Поинтересовался я как-то у Федора Ивановича: не читала ли его внучка рассказ Паустовского про воронежского пастушонка Федю?

– А то! – вскинул он голову. – Еще в первом классе по складам прочитала. Только, знаешь, – подавил он вздох, – попросила меня потом моя Дашутка показать ей «всамделишное», «некиношное» стадо. То есть свозить ее в мою бывшую деревеньку. Что ж – свез… Но не увидели мы там ни одной коровушки. Даже курочку с петушком не увидели. Совсем неинтересно городским дачникам возиться со всей этой живностью. И давненько перестал пастух играть на дудочке, собирать коров на луг. Да и должности теперь нет такой – пастух…

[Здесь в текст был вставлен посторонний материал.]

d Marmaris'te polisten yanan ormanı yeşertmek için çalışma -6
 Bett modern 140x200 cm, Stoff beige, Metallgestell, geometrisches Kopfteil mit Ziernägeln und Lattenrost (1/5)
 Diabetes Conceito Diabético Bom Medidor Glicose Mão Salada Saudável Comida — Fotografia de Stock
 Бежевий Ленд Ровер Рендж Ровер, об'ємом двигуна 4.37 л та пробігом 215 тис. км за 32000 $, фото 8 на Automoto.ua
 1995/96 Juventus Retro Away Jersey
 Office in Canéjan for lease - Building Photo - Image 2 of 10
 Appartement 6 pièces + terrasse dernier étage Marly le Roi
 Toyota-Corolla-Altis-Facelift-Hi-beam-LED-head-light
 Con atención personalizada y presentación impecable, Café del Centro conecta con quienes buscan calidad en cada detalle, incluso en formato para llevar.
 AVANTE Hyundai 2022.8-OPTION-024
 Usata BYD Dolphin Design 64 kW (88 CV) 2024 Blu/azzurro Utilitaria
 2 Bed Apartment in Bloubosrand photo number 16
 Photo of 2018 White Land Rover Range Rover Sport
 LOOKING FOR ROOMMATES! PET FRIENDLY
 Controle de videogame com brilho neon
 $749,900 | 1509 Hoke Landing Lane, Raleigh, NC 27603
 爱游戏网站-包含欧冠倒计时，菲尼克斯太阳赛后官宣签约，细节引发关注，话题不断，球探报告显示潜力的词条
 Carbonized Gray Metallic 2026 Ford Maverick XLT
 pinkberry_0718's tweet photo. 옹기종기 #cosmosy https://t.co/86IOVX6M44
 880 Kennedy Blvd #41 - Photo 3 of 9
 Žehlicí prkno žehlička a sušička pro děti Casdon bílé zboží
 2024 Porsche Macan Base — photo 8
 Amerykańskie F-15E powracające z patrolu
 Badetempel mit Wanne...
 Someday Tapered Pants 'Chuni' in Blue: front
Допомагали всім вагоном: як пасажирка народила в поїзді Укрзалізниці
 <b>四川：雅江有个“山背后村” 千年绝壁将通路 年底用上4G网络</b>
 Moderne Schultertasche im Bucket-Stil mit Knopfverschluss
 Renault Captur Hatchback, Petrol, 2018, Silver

Знал когда-то пастушонок Федя всякие травы, цветы. А теперь, сделавшись городским жителем, стал он дотошно разбираться в тех продуктах, которые горожане покупают в магазине и которые все больше вызывают недоверие – столько в них всевозможных вредных для здоровья искусственных добавок! И молоко зачастую уже не назовешь натуральным – порошковое пьем.

И домашней коровушку теперь не назовешь – «фабричной» стала. Не надо теперь выводить ее на луг, на берег речки. Оснащен стандартный бетонный коровник всякого рода механизмами, приспособлениями, которые и кор-мят, и поят, и доят его стоялицу. Молоко, произведенное на такой «фабрике», Федор Николаевич не ставит ни в какое сравнение с тем сладостным, сметанным, какое в годы его деревенского детства приносила буренка с привольного заречного луга.

Ушел в прошлое мир трав, растительных запахов, чистых красок, увиденный Константином Паустовским у берегов нашей чудесной речки Усманки. Сменилась та романтика прозой жизни.